Może być również tak, że ginie od razu, albo wędruje po konstelacjach. Nie ulega żadnej wątpliwości, że nasza Urth jest zaledwie maleńką wioską zagubioną w bezmiarze wszechświata. Jeżeli człowiekowi mieszkającemu w wiosce sąsiedzi spalą jego dom, opuszcza ją, o ile oczywiście nie zginął w płomieniach. Musi jednak wtedy zapytać, skąd i w jaki sposób przyszedł.
Mistrz Gurloes, który osobiście wykonał wiele egzekucji, mawiał, że tylko głupiec może obawiać się uchybienia w jakiś sposób rytuałowi, takiego jak na przykład pośliznięcie się w kałuży krwi czy próba podniesienia za włosy głowy klienta, który nosił perukę. Znacznie większe niebezpieczeństwo groziło w wypadku zdenerwowania, które powodowało drgnięcie ręki i nieczysty cios, zamieniający ceremonię stanowiącą ukoronowanie sprawiedliwego sądu w akt pospolitej zemsty.
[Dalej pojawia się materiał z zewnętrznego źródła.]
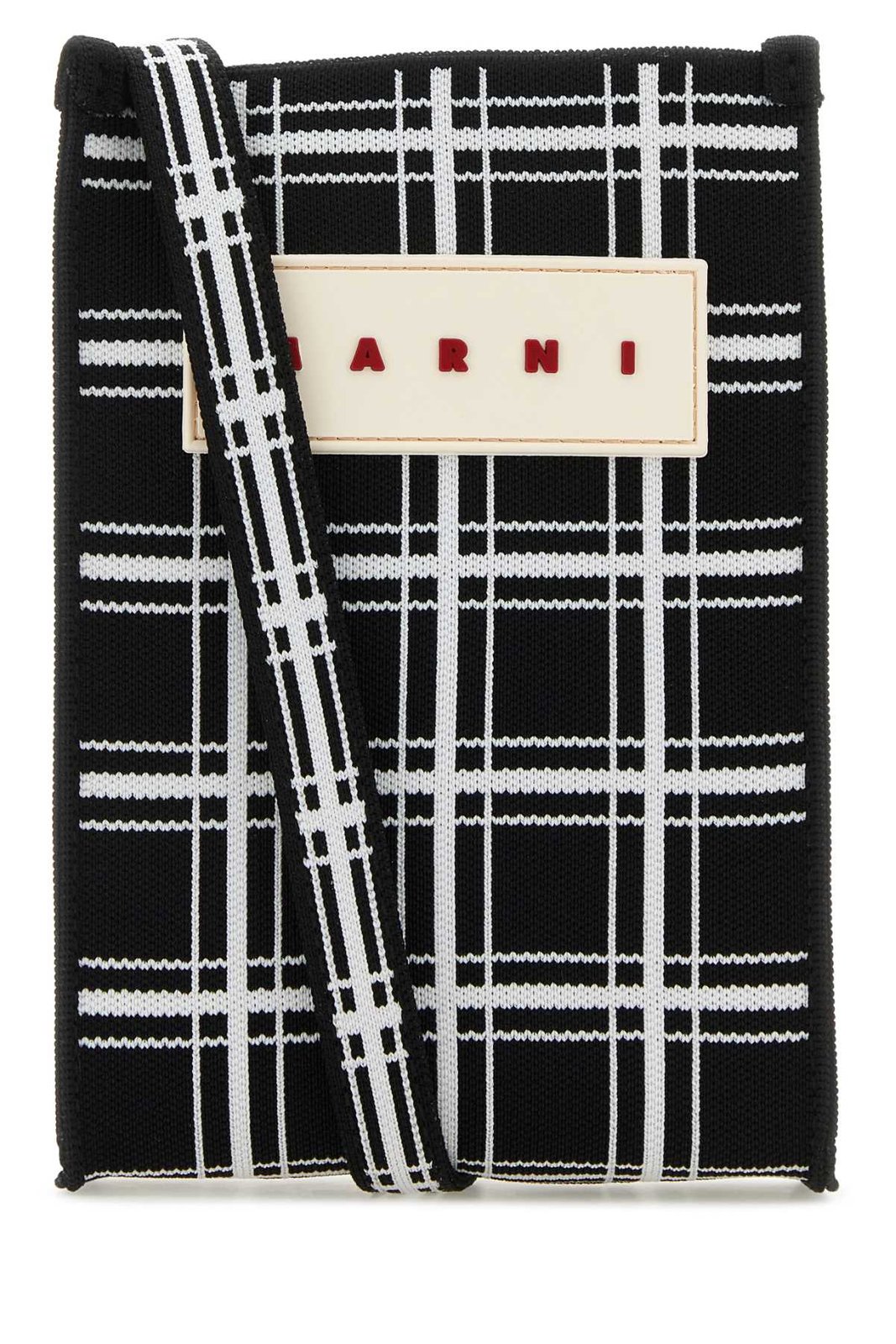 Marni Checked Jacquard Mini Shoulder Bag – Cettire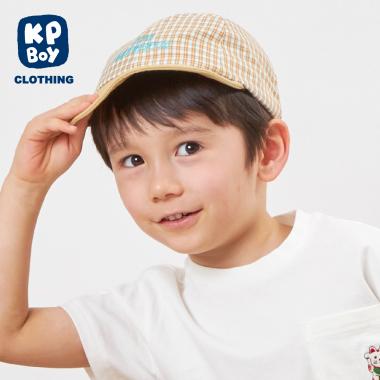 チェックロゴキャップ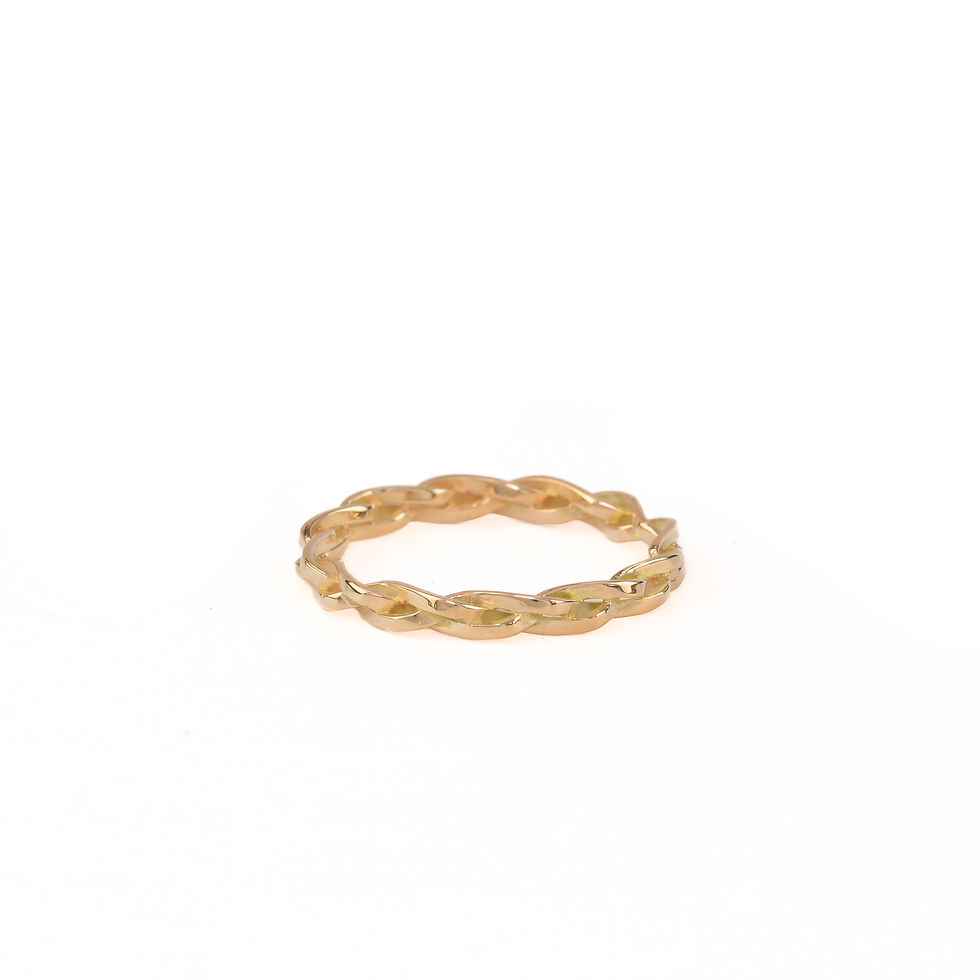 Miniaturbild: Roségoldring, geflochtener Ring, Goldring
Przed ponownym zaśnięciem usiłowałem uodpornić się przeciwko każdej z tych możliwości.
31. Cień kata
Do obowiązków naszej profesji należy długo przed przyprowadzeniem klienta stanąć na szafocie, bez płaszcza, w masce i z obnażonym mieczem. Niektórzy twierdzą; że ma to symbolizować wiecznie Czuwającą, wszechobecną sprawiedliwość, ale ja myślę, że naprawdę chodzi tu o to, żeby tłum miał na czym skoncentrować swoją uwagę oraz żeby wiedział, że niebawem wydarzy się coś ważnego.